As an example, let’s look at Ridge regression. Below are 10 data points produced by adding a small error to a known function shown in red.

data
The true function and 10 data points with small errors.

We want to fit this data with a parameterized function, and a standard function to try is a polynomial:

\hat y_w(x) = w_0 + w_1 x^1 + \dots + w_n x^n.

If we think of each power x^i as a new feature x_i in a high dimensional space, we can treat this as just an n-dimensional linear model:

\hat y_w(x) = w_0 + w_1 x_1 + \dots + w_n x_n.

We can find the coefficients w_0 in this model by minimizing a cost function given by the average squared difference between the model \hat y_w(x^i) and the data y^i:

J(w) = \sum_{i=1}^m (\hat y_w^i-y^i)^2.

However, the standard question is: which order polynomial do we choose?
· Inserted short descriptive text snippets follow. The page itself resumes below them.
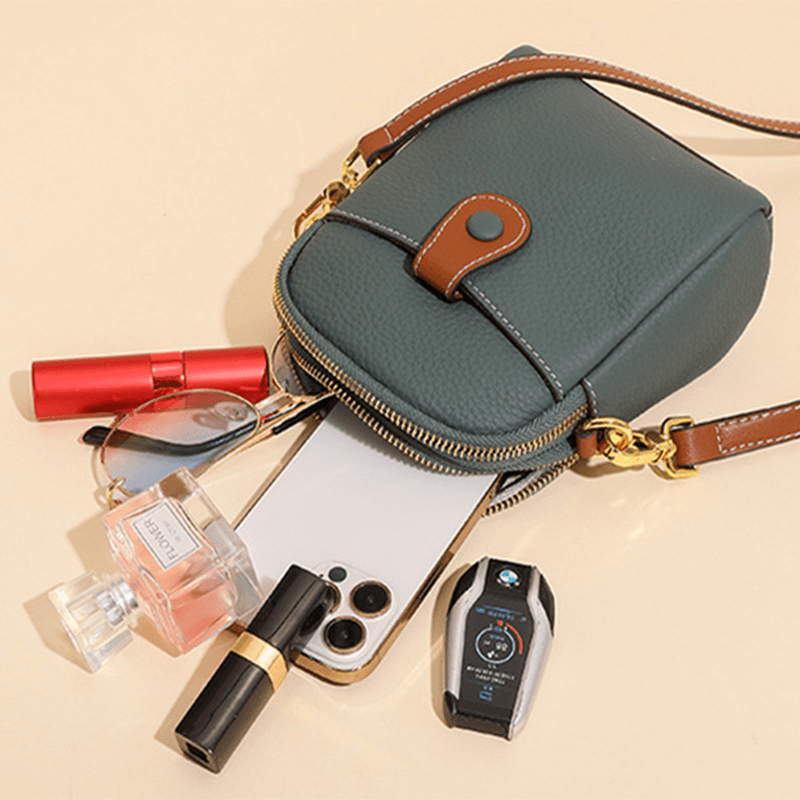 Small Lychee Pattern Leather Phone Bag Crossbody Wallet For Women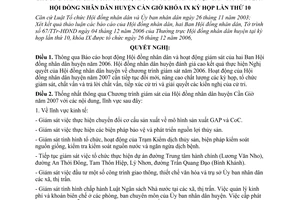 Nghị quyết 57/2006/NQ-HĐND kết quả hoạt động của hội đồng nhân dân huyện năm 2006 và chương trình giám sát của Hội đồng nhân dân huyện Cần Giờ 2007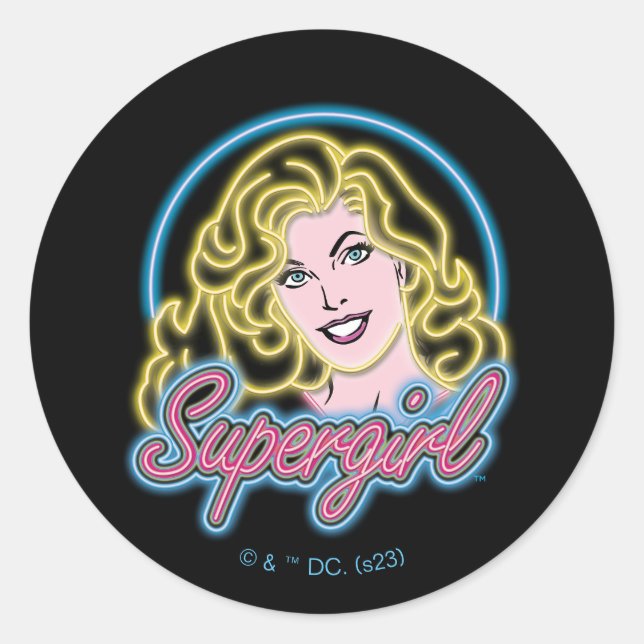 Sticker Rond Graphique des lumières de Neon Retro Supergirl (Devant)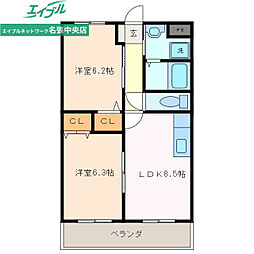 フラット立石C 2LDKの間取図画像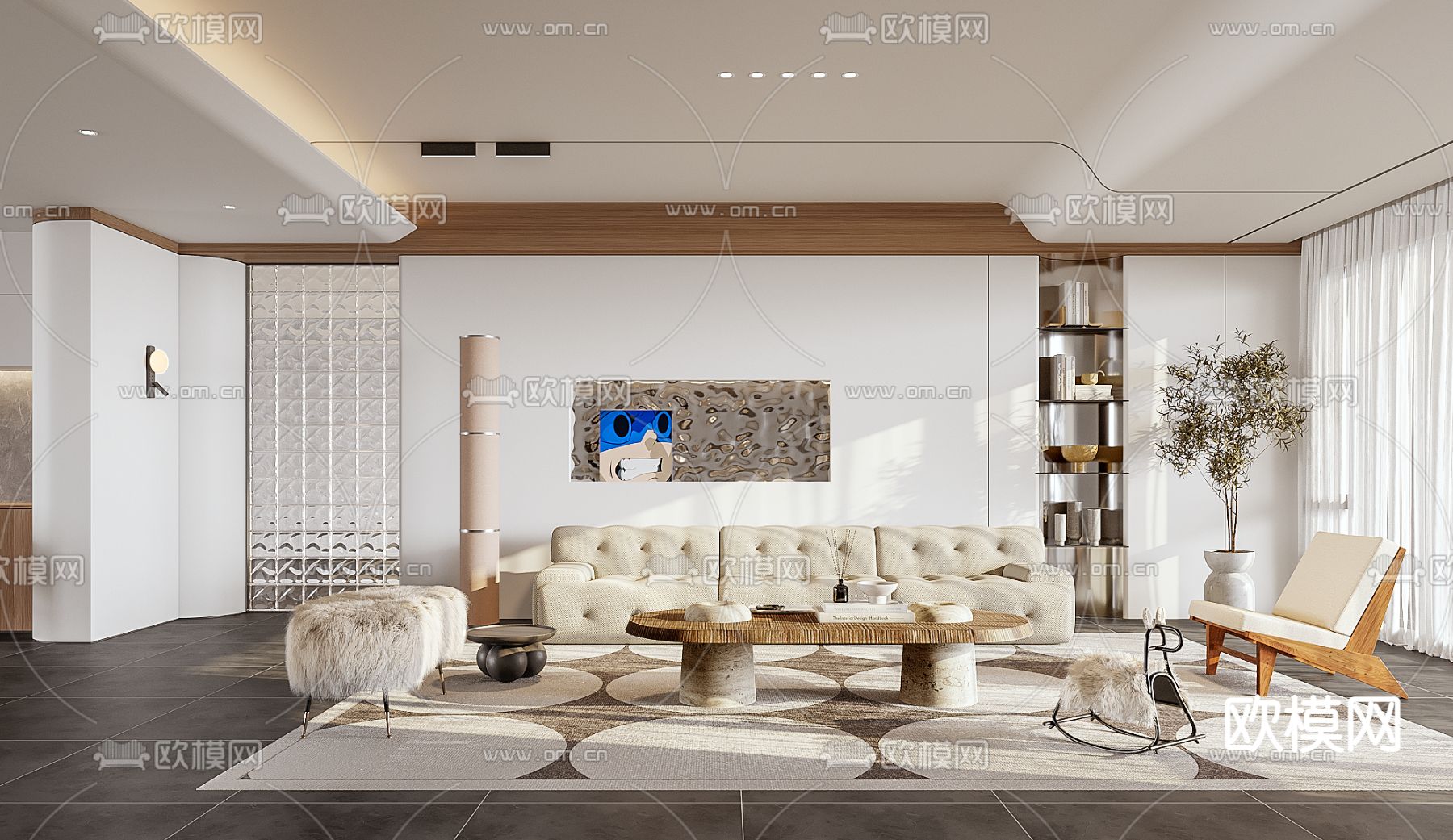奶油风客厅3d模型下载（渲染图1）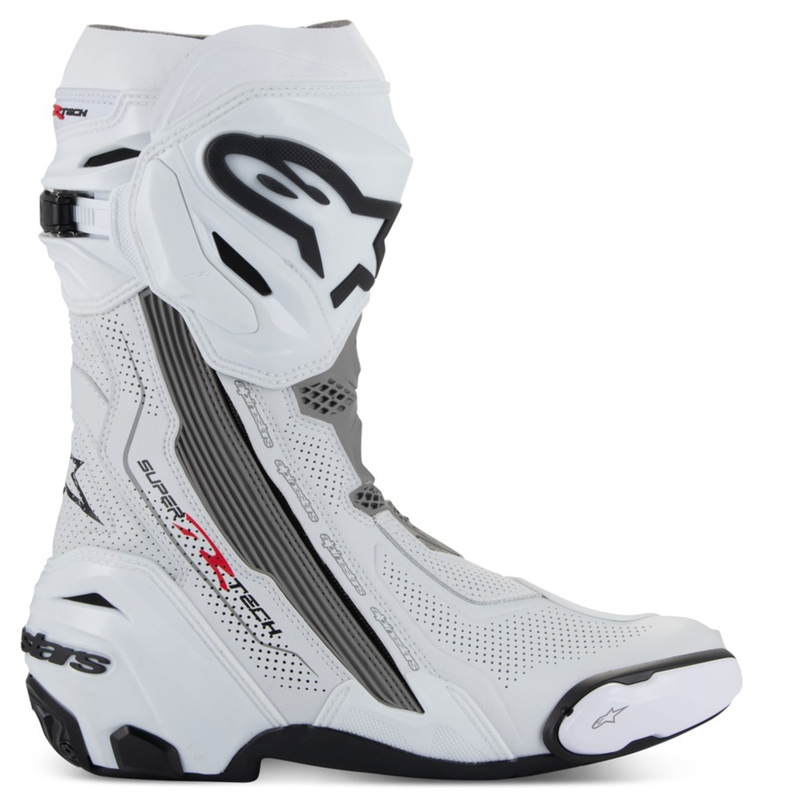 Motorcykelstøvler Alpinestars Supertech R Ventilerede, Hvid/Lysegrå/Sort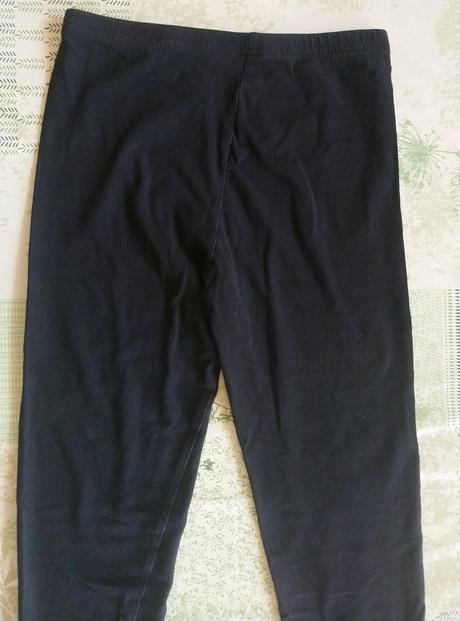 Dievčenské čierne elastické legíny, 152-158 cm, 158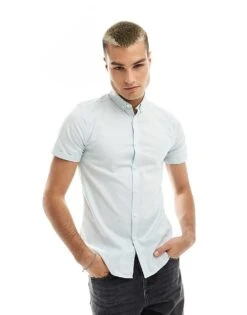 New Look Short Sleeve Muscle Fit Shirt In Blue For Men Light Blue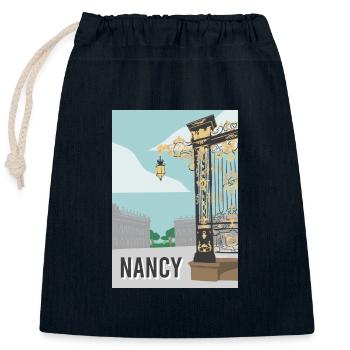 Nancy city - Closable cotton gift bag (25x30cm) - navy - Front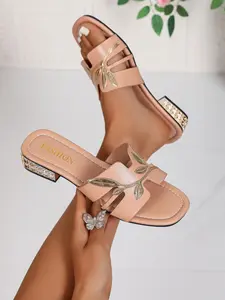 Gold Leaf Sandals, Classic &, Embroidered Leaf Details, Low Heel, Comfortable, Perfect for Office & Dates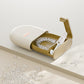 Open cream retainer storage case holding a clear retainer with a small tweezers inside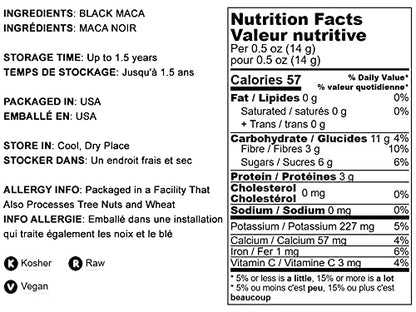 Food to Live - Black Maca Powder, 7 Pounds - Finely Ground Raw Dried Root, Kosher, Vegan, Non-Gelatinized Powder, Bulk. Energizing Superfood Supplement
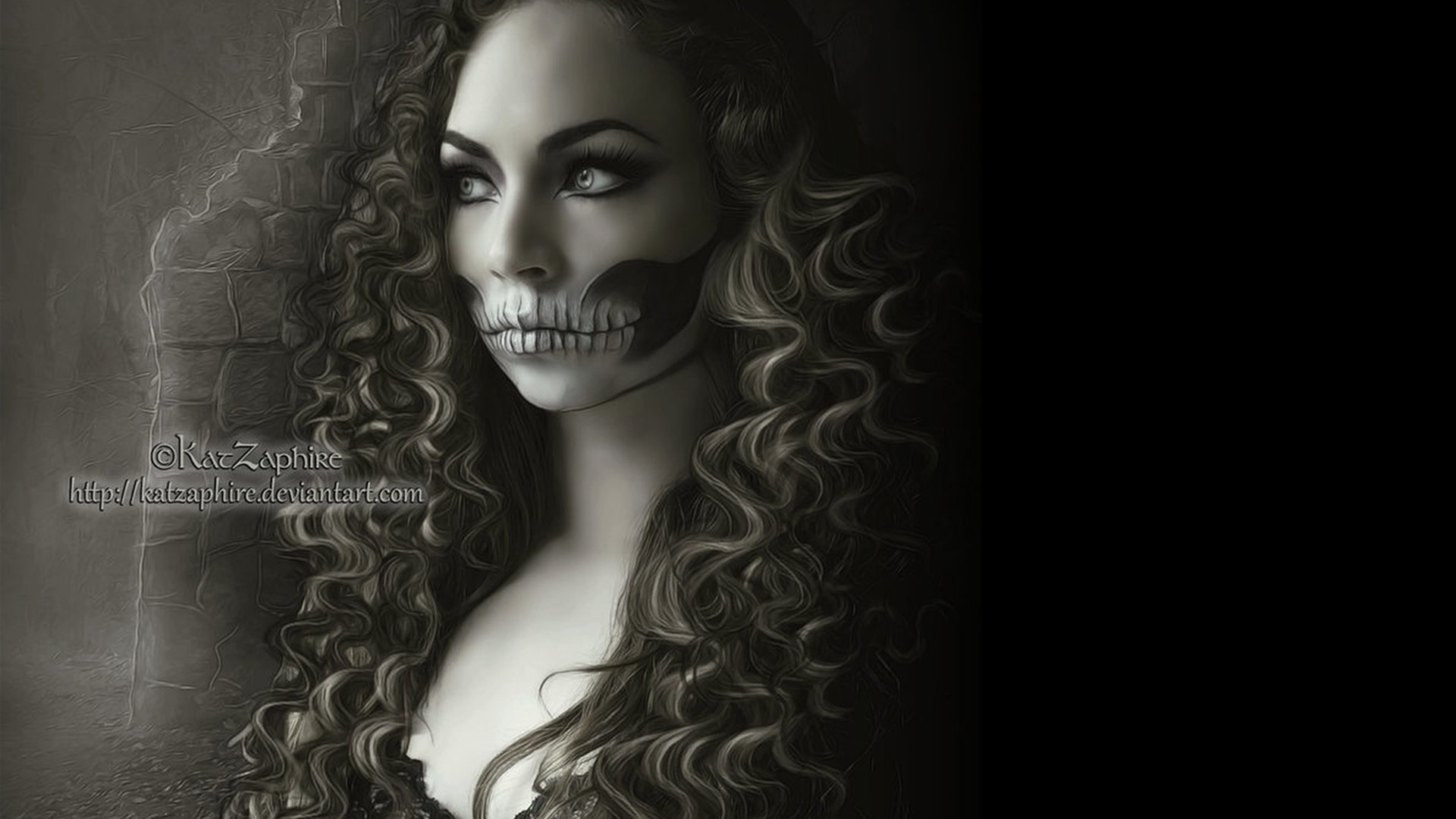 Woman with skull face paint and curly hair HD Wallpaper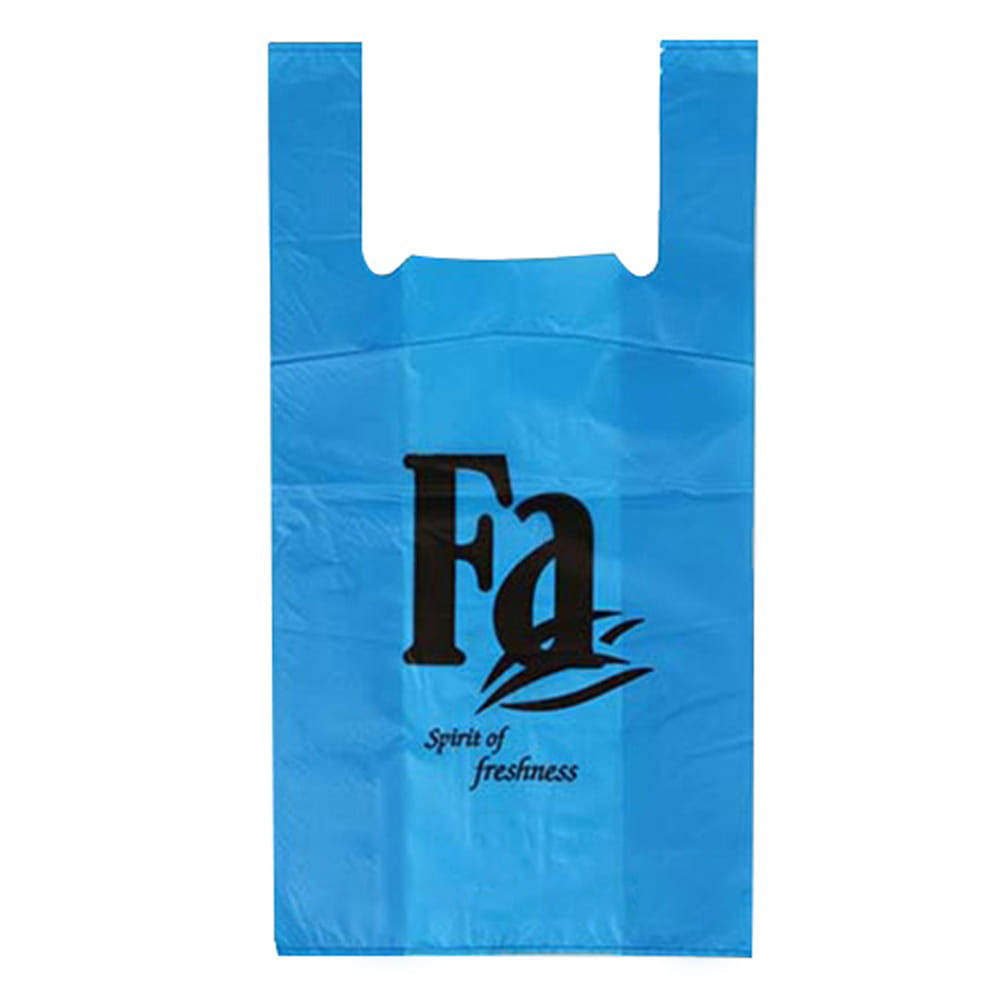 Пакеты-майка ПНД 30+16*54 см, 30 мкм, красные, синие, зеленые"FA", 50 шт/уп. Цена с НДС за 1 штуку, код товара 12856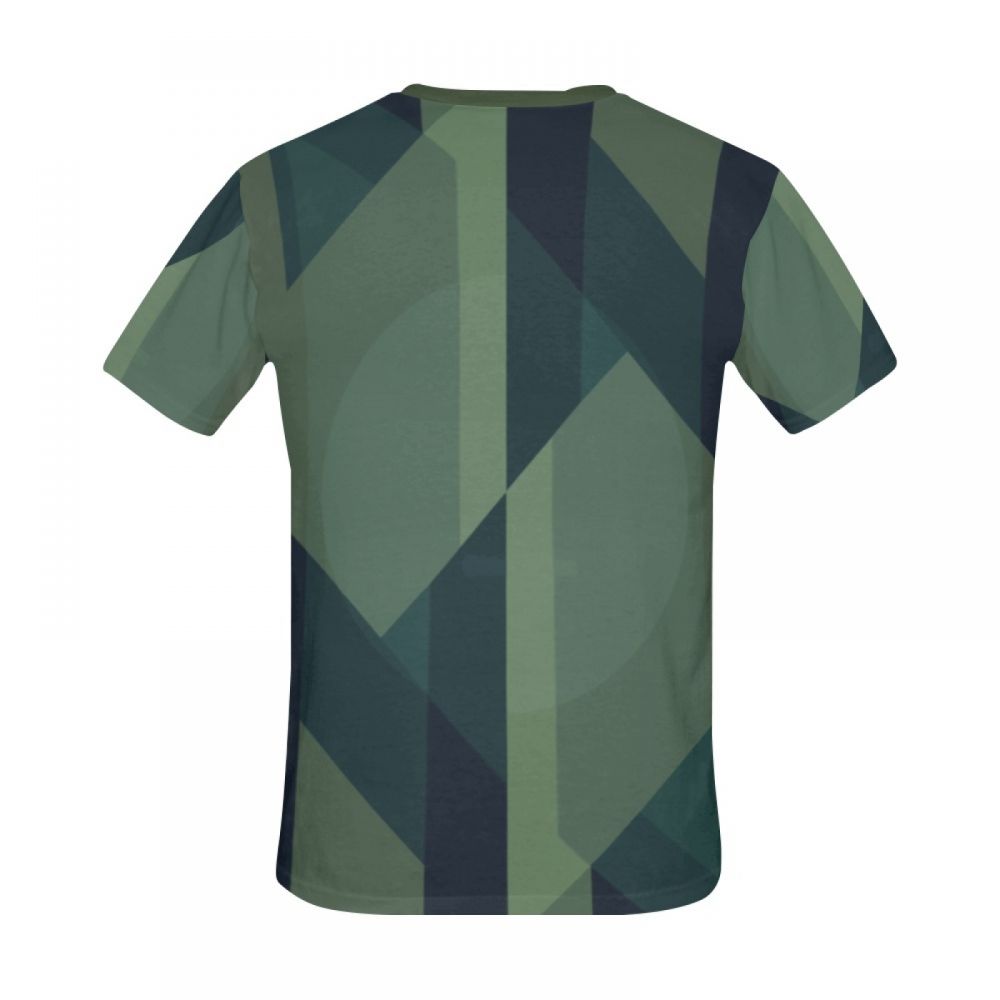 Camiseta Corta Perú Arte Geométrico Líneas Verdes Hombre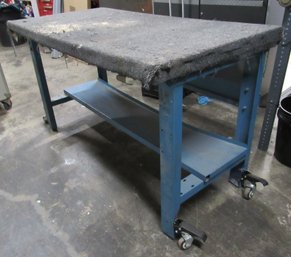 Portable Metal Workbench Industrial Worktable With Folding Caster Wheels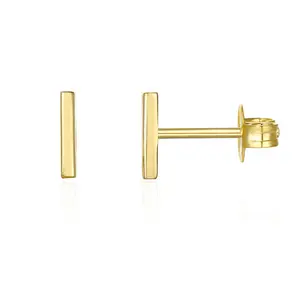 PAVOI 14K Gold Plated Yellow Gold Mini Bar Stud Earrings for Women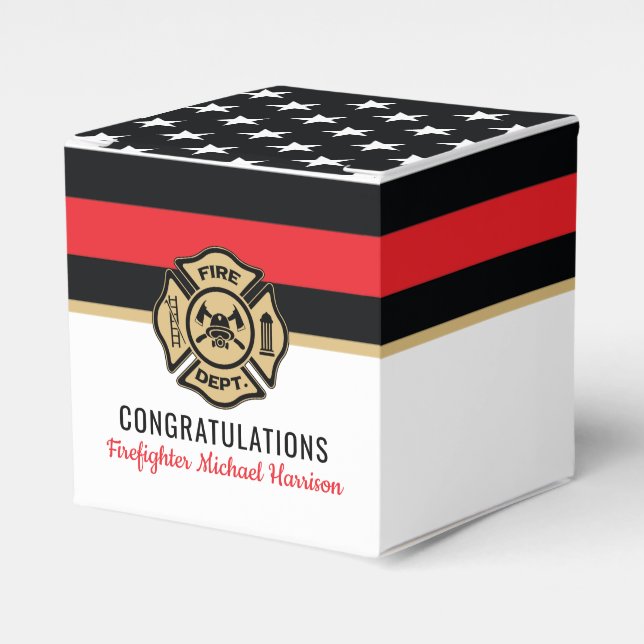 Caja Para Regalos Graduación de Bandera Roja de la Academia de Bombe (Costado Anverso)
If we choose a low order polynomial, the function won’t have enough complexity to accurately fit the data. If we choose a high order polynomial, the function will be overfit and won’t generalize to new data. As an example, below is an 11th order polynomial (12 free coefficients) fit to the 10 data points. The system is technically underdetermined and clearly overfits the data

overfit
11th order polynomial fit to the 10 data points.

Instead of using a lower order polynomial to avoid overfitting, we can instead place a penalty on the size of coefficients resulting in a simpler fitting function. This method is known as regularization. The cost function that is minimized has an additional term for the coefficients, and looks like

J(w) = \sum_{i=1}^m (\hat y_w^i-y^i)^2 + \alpha \sum_{j=1}^n w_j^2.

The larger the hyperparameter \alpha, the smaller the coefficients that minimize the cost function. (Note that when using regularization, it is necessary to scale all features so that they have similar numerical values. In the notebook on github, all features in the training set were rescaled to lie in the range [0, 1].)

ChangingAlpha
For small values of α, the size of the coefficients is not limited, and the fitting function can be complex. However, as α increases, large coefficients are disfavored, and the fitting function becomes simpler.

The optimal value of the hyperparameter \alpha can be chosen with k-fold cross-validation. The steps are as follows:

  1. Break the data into k sets.
  2. Fit the function with k-1 (training) sets. Calculate the error with the other (validation) set.
  3. Cycle through the sets so that each set is the validation set exactly once.
  4. Choose the hyperparameters that give the smallest average error for the validation set.
  5. Retrain on the entire training set with the chosen hyperparameters.

Below is the fitting function after the optimal value of \alpha is chosen.

ridgecv
The value α=0.0007 minimized the cross-validation error.

Predicting the sale prices of homes

The goal of this project is to predict the sale prices of houses in Ames, Iowa using a training set of sale prices and about 80 features of each house. I obtained a fractional RMSE of 14%. The current best score is 11%.

I converted categorical features (e.g. ‘foundation type’ and ‘neighborhood name’) to binary features with one-hot-encoding, and ordinal features (e.g. exterior quality ratings {‘Poor’: 1, ‘Fair’: 2, ‘TA’: 3, ‘Good’: 4, ‘Excellent’: 5}) to numerical rankings. I imputed missing data to appropriate values depending on the context.With the cleaned, numerical data, I split the data into a training set and validation set. I examined several regression algorithms (Ridge, Lasso, Kernel Ridge, Support Vector Regression, Decision Tree, Random Forest, Neural Network). After optimizing the hyperparameters of each algorithm to minimize the 10-fold cross-validation error for the training set, I chose the model with the lowest error on the final validation set. This happened to be Support Vector Regression with a radial basis function kernel.

housingSVRradial
10-fold cross-validation error for Support Vector Regression with a radial basis function kernel as a function of the hyperparameters (penalty C and scale factor γ). The values that minimize this error were chosen for the final model.